I had initially posted this prior to shopping for a new DAW, trying to get some ideas on what to expect and what to buy.
Since no one provided any insight, I still want to summarize a few findings that may help others.
Here are the reported latency and round trip times for the VS-700 and the Octa-Capture:
VS-700
48 : 1.1 : 8.7 (4.4 : 4.3)
64 : 1.5 : 9.4 (5.1 : 4.3)
96 : 2.2 : 11.9 (5.6 : 6.3)
128 : 2.9 : 18.3 (7.0 : 11.3)
256 : 5.8 : 28.9 (11.8 : 17.1)
buffer size : buffer latency : round trip (in:out)
These are not dependent on your DAW, it's just the interface (took me a while to undestand).

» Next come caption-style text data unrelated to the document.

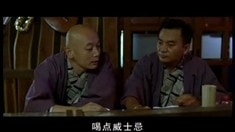 片段之葛優泡夜店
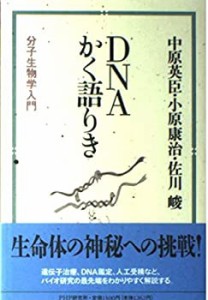 DNAかく語りき―分子生物学入門(中古品)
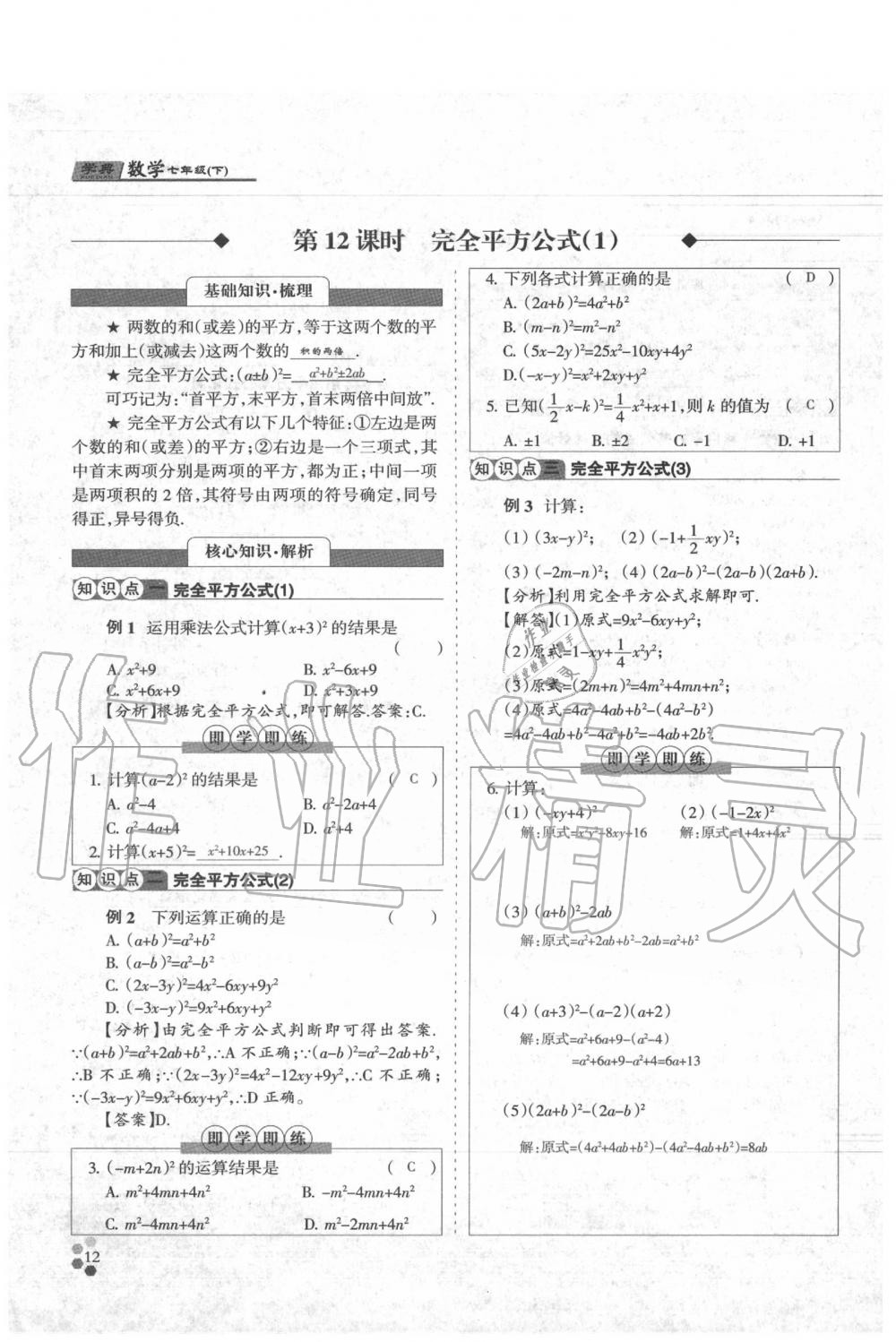 2020年學典七年級數(shù)學下冊人教版 參考答案第12頁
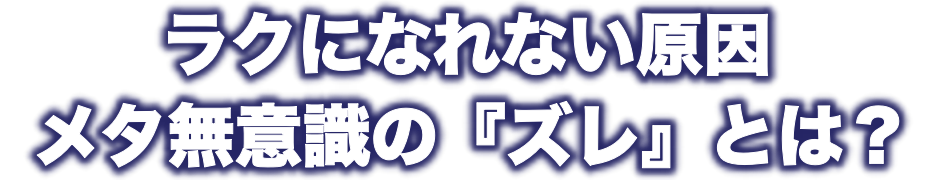 やりたい事・好きな事で起業して失敗してしまう本当の理由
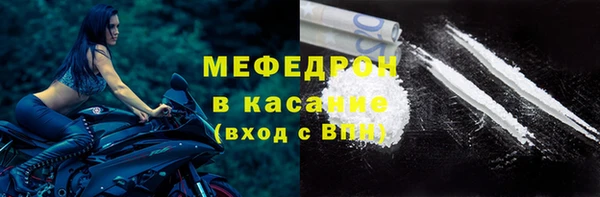 а пвп мука Алексеевка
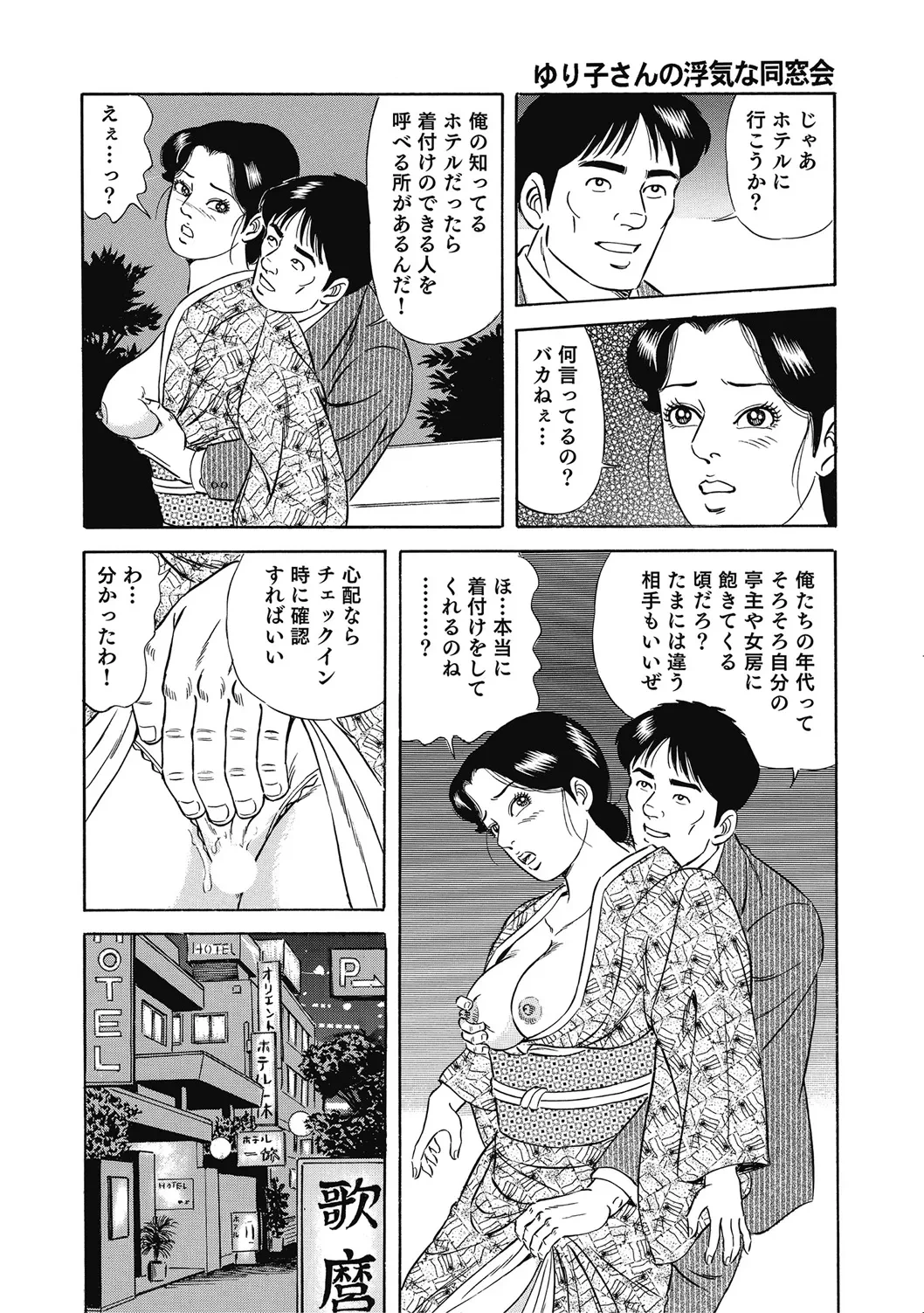 หน้า 267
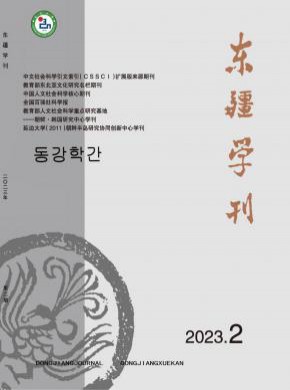東疆學(xué)刊
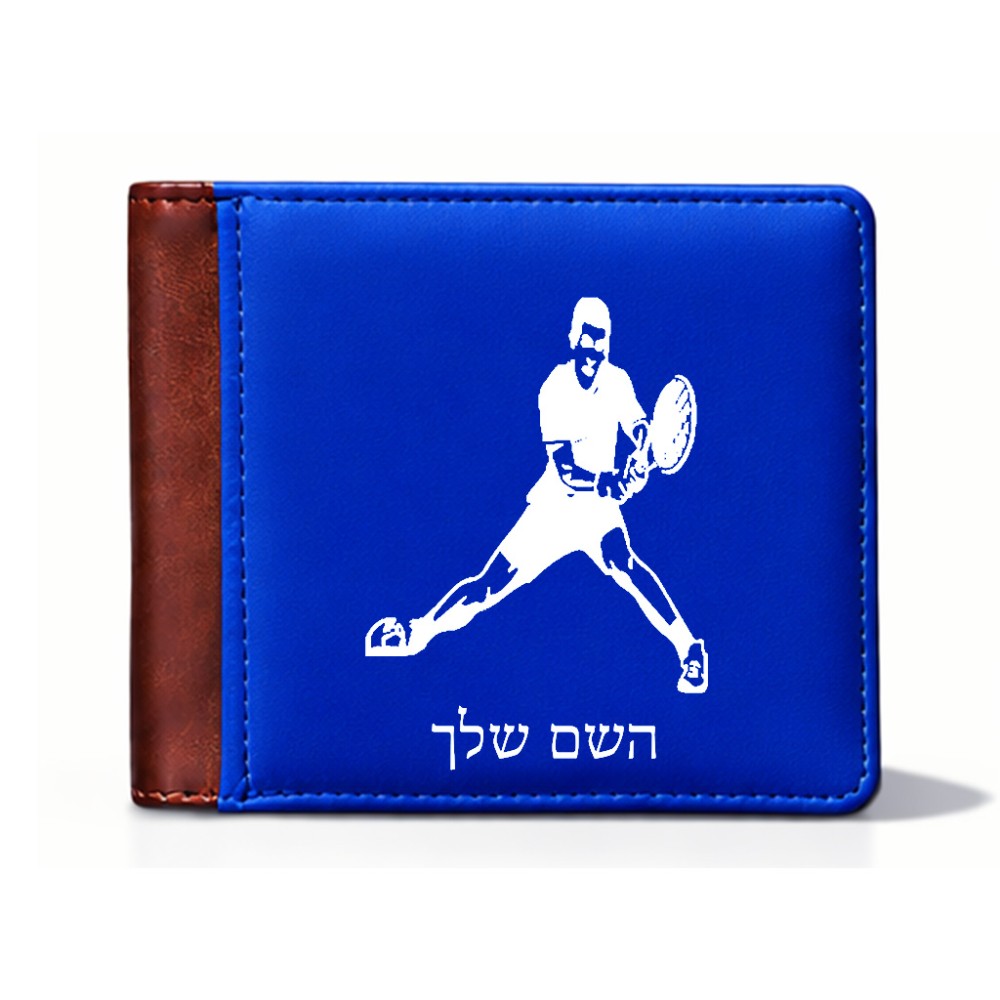 ארנק עור חום בעיצוב אישי עם השם שלך בעיצוב שחקן טניס מידות הארנק 9.5 × 11 ס"מ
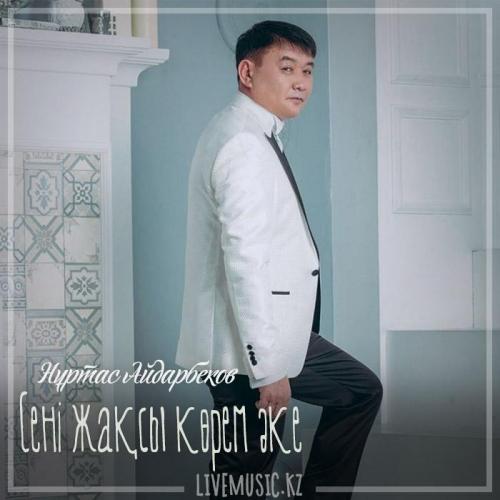 Нұртас Айдарбеков - Сені жақсы көрем әке (2019)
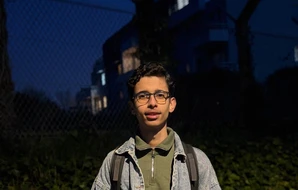 Abderrazzak El Hamchioui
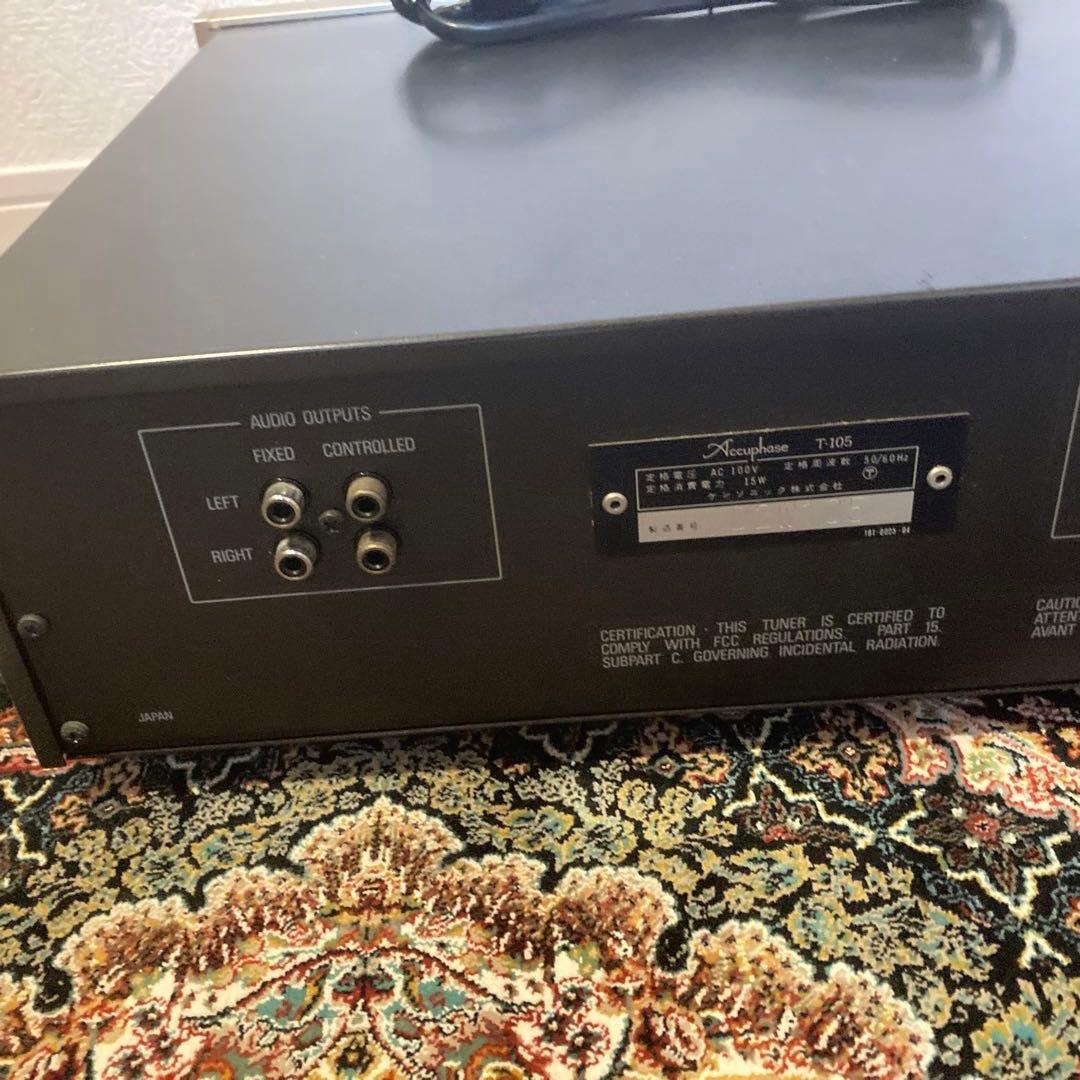 アキュフェーズ　FMチューナーT105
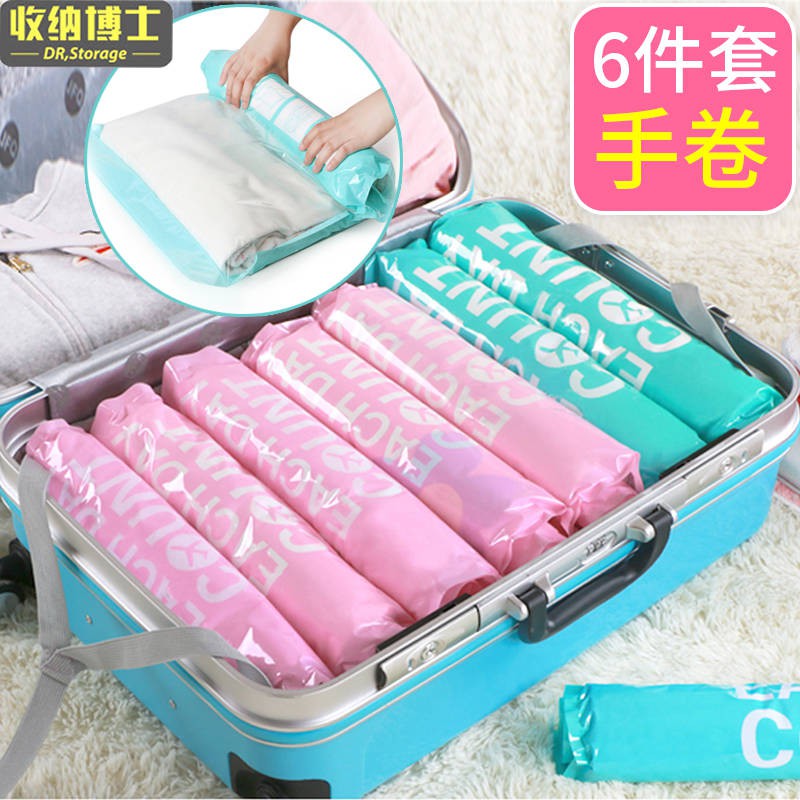 vacuum bag suitcase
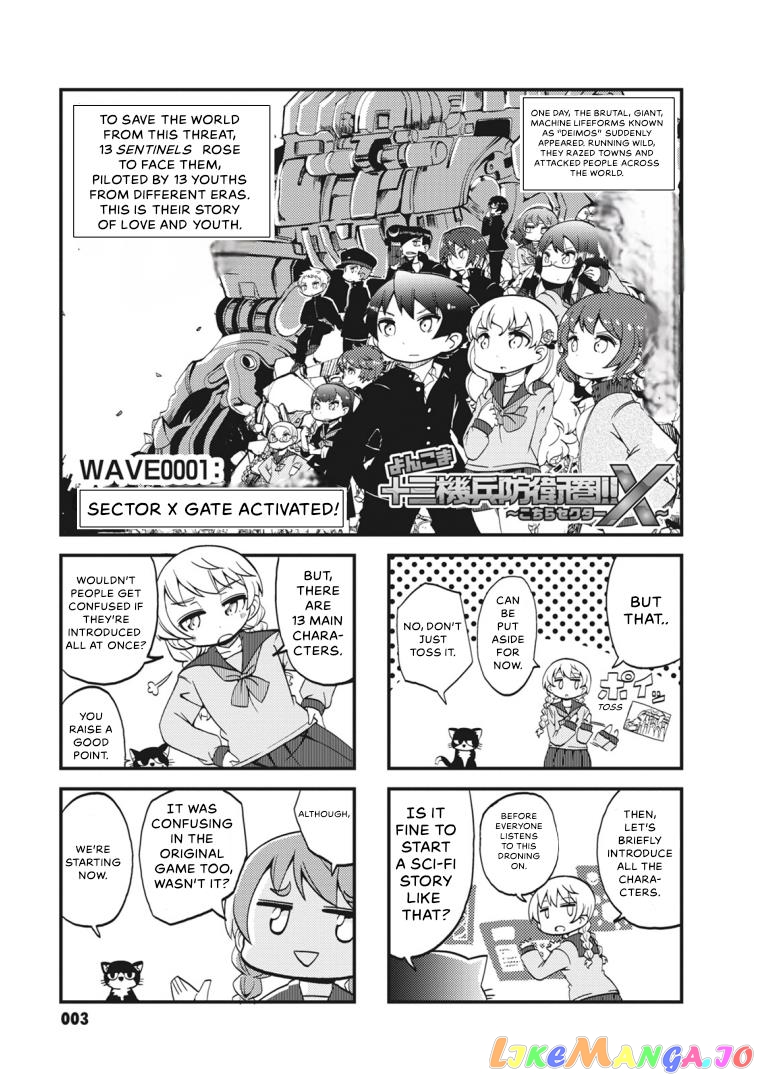 4-Panel 13 Sentinels: Aegis Rim This Is Sector X chapter 1 - page 4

Where the DAW PC comes into the game is what settings you can actually use without audio drop outs. Now, this is highly system specific and I ran into a major problem that the new beefy DAW didn't come with a suitable graphic card i.e. the graphic driver caused latency spikes that made the audio engine stop after 3 minutes. I ended up swapping the graphic card to an ATI HD 5450, which immediately cured the unexpectedly stopping audio engine.
From then onwards I had good performance down to ASIO buffers of 128 (occasionally 96) samples, but it didn't make me happy yet. Eventually I found a set-up error that makes me wonder why it worked so well in the first place: I'm using a VS-700 and a Octa-Capture synced via VS EXPAND, but had forgotten to set the synchronisation in the VS-700 to DIGITAL 1 (which it has to be according to the manual) making the Octa-Capture the master.
Now that I'm using the correct sync mode these interfaces really ROCK!!! I can record at ASIO buffer sizes of 48 samples without drop outs or glitches for 10+ minutes!!